**Your instructions**
Nothing but the text of the listing, repeated exactly, belongs in the answer; leave the images out.

**Provided data**
────────────────────────────────────────

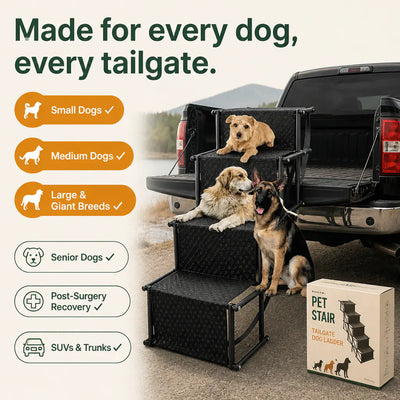 PupRamp 4-Step - Folding Dog Car Stairs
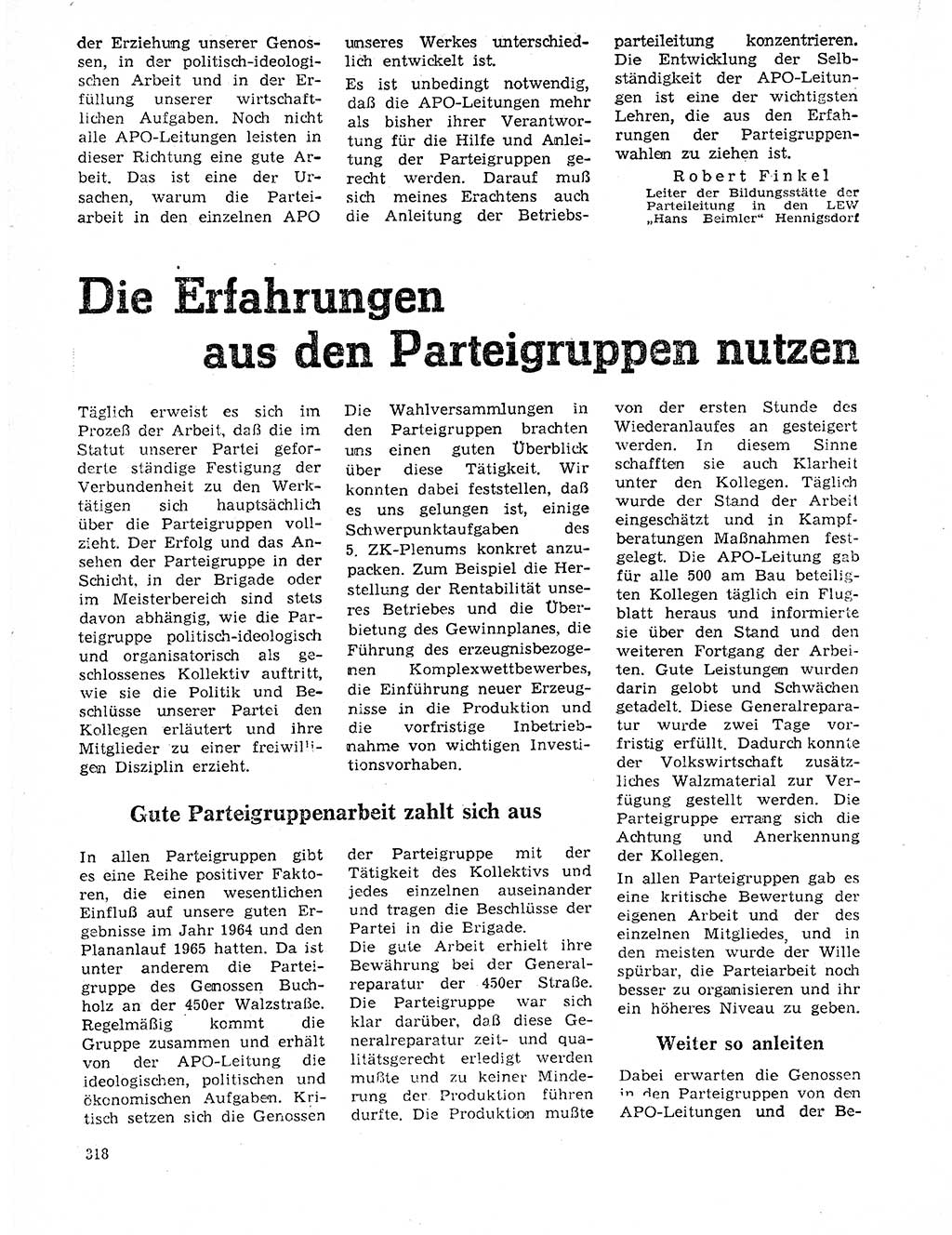 Neuer Weg (NW), Organ des Zentralkomitees (ZK) der SED (Sozialistische Einheitspartei Deutschlands) für Fragen des Parteilebens, 20. Jahrgang [Deutsche Demokratische Republik (DDR)] 1965, Seite 302 (NW ZK SED DDR 1965, S. 302)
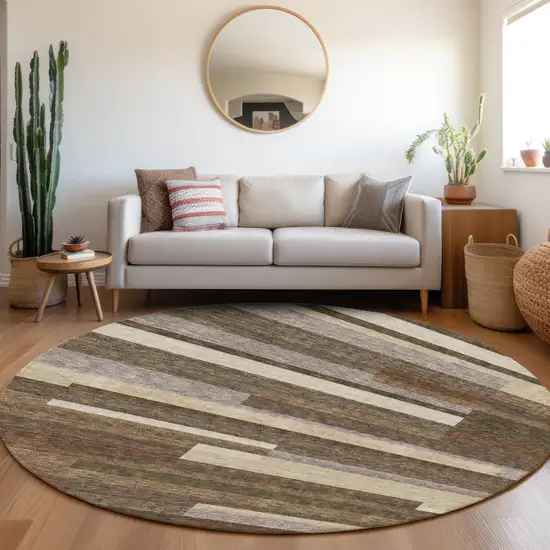 8' Brown Beige And Copper Round Striped Washable Indoor Outdoor Area Rug Photo 7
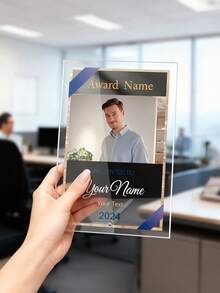 1pc Custom Acrylic Rectangle Award Plaque - 5 Styles, Deep Blue & Golden Marble Design With Personalized Text & Year, Laurel Wreath Accent, Elegant For Corporate Events, Employee Recognition, Boss/Coworker Appreciation Gifts, Award Plaque For Employees, Event Recognition, Sophisticated Design, Highquality Finish,Personalized Gifts,Customized Christmas Gifts,Christmas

────────────────────────────────────────

**Reply**
 PupRamp 4-Step - Folding Dog Car Stairs
 Neuer Weg (NW), Organ des Zentralkomitees (ZK) der SED (Sozialistische Einheitspartei Deutschlands) für Fragen des Parteilebens, 20. Jahrgang [Deutsche Demokratische Republik (DDR)] 1965, Seite 302 (NW ZK SED DDR 1965, S. 302)
 8' Brown Beige And Copper Round Striped Washable Indoor Outdoor Area Rug Photo 7
 1pc Custom Acrylic Rectangle Award Plaque - 5 Styles, Deep Blue & Golden Marble Design With Personalized Text & Year, Laurel Wreath Accent, Elegant For Corporate Events, Employee Recognition, Boss/Coworker Appreciation Gifts, Award Plaque For Employees, Event Recognition, Sophisticated Design, Highquality Finish,Personalized Gifts,Customized Christmas Gifts,Christmas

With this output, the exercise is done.